Exercise prompt »
Among the entries below, copy only the span from the line containing "BlackZon Slyder MT" through the line containing "Milwaukee Diamanttrennscheibe DUH". Do so exactly, and skip the pictures.

Data to examine »
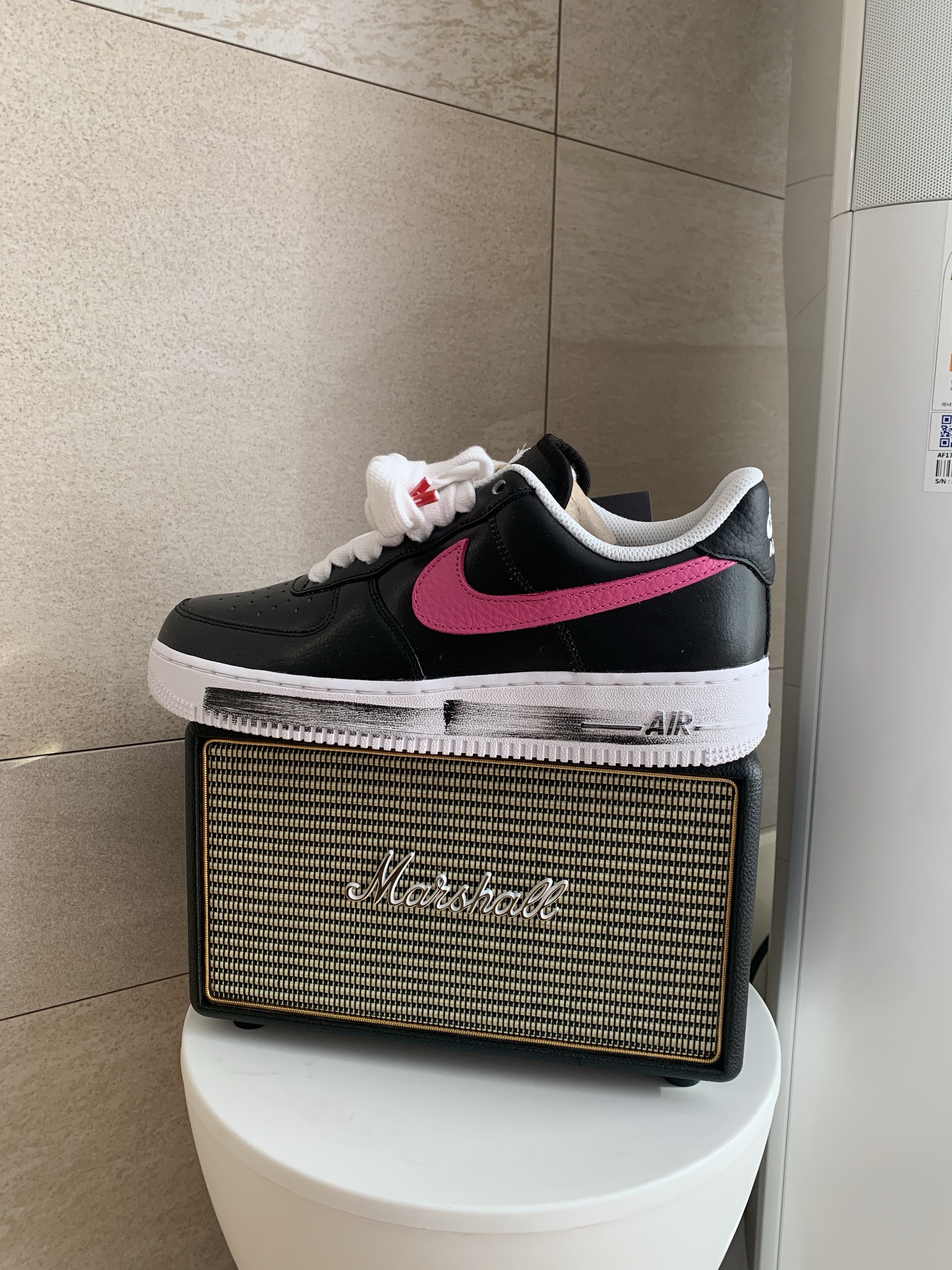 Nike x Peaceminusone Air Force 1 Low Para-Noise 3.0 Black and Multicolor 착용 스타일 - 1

...

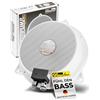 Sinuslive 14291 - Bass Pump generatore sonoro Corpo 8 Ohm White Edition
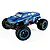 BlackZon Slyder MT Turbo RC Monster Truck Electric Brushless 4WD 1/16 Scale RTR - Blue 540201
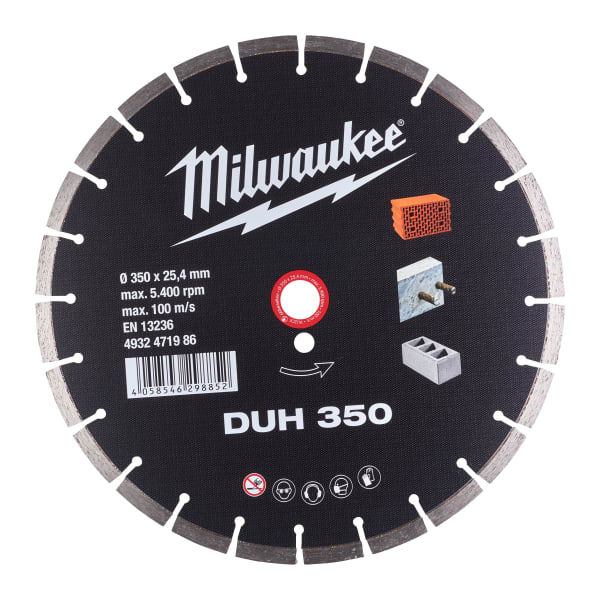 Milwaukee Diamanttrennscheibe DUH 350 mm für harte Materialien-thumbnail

Response to the task »
 BlackZon Slyder MT Turbo RC Monster Truck Electric Brushless 4WD 1/16 Scale RTR - Blue 540201
 Milwaukee Diamanttrennscheibe DUH 350 mm für harte Materialien-thumbnail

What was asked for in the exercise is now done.